“History is like Janus; it has two faces. Whether it looks at the past or at the present, it sees the same things.”
Maxime Du Camp, Arcades Project, p. 14
The United States does not have Arcades, but it has the mall in D.C. The mall is lined with museums, which have gift shops filled with mechanical reproductions of the art hanging on the walls. We consider this today because Obama is asking for congressional support for military force in the fight against ISIS and there is nothing but media wanderings. We are reminded of Walter Benjamin’s observation that “In times of terror, when everyone is something of a conspirator, everybody will be in a situation where he has to play detective. Strolling gives him the best prospects of doing so.” We are in an age of mechanical war reproductions. The media is a phantasmagoria of moving images (in both senses of the word) of protests and counter protests that negate each other as so much point-counterpoints. Adorno and Benjamin believed that like the eighteenth-century mechanical optical device the “social whole is a machine for projecting images of itself as inherently meaningful and coherent” when in reality the “constitutive ambiguity and undecidability, whereby what we mean by ‘the human’ is progressively denatured.” Everything is moving but nothing moves, it’s just reproduced.
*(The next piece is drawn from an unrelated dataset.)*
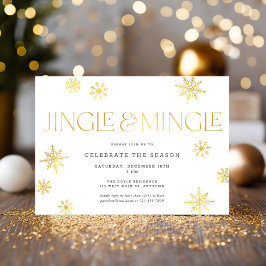 Jingle & Mingle White Guld Snowflake Julfest Inbjudningar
In “Remembrance of Wars Past: Why There is no Massive Antiwar Movement in America,” Tom Engelhardt explains one reason there is no war movement: “What’s missing is any sense of connection to the government, any sense that it’s ‘ours’ or that we the people matter. In its place — and you can thank successive administrations for this — is the deepest sort of pessimism and cynicism about a national security state and war-making machine beyond our control. And why protest what you can’t change?” Apathy is literally lack of feeling or e-motions.
However, while there is no antiwar movement, people are protesting, or say, marching about. Today is the four-year anniversary of the beginning of the biggest protest in Madison, Wisconsin’s history, after Governor Scott Walker took away collective bargaining rights. More recently, people took to the streets in Missouri and across the nation to demonstrate that “black lives matter.” Is it that the shock of 9/11 (which caused us to condone torture) is still lingering, making every tragic attack (Sydney and Paris) an aftershock that persuades us to revert back to our code orange days—to continue funding the war machine in this great age of mechanical reproducibility?
We all know the true definition of insanity, and it seems the country—let’s call it the War Party (again, in both senses of the word)—is insane enough to keep doing the same thing over and over again, reproducing the same images. But let’s imagine a new landscape. In “The Butterfly and the Boiling Point,” Rebecca Solnit writes, “The history of revolution is the history of great spaces…” She continues, “It’s all very well to organize on Facebook and update on Twitter, but these are only preludes. You also need to rise up, to pour out into the streets. You need to be together in body, for only then are you truly the public with the full power that a public can possess.” In times of terror we need detectives, collective detectives, revolutionary flaneurs.
So, as congress deliberates whether or not to accept the specific requests President Obama makes in seeking support for the reproducibility of war, consider the advice Juan Cole offered in “Sharpening Contradictions: Why al-Qaeda Attacked Satirists in Paris”: “Extremism thrives on other people’s extremism, and is inexorably defeated by tolerance.” With a new landscape, we can think about reproducing things other than war, like tolerance for non-reproduction.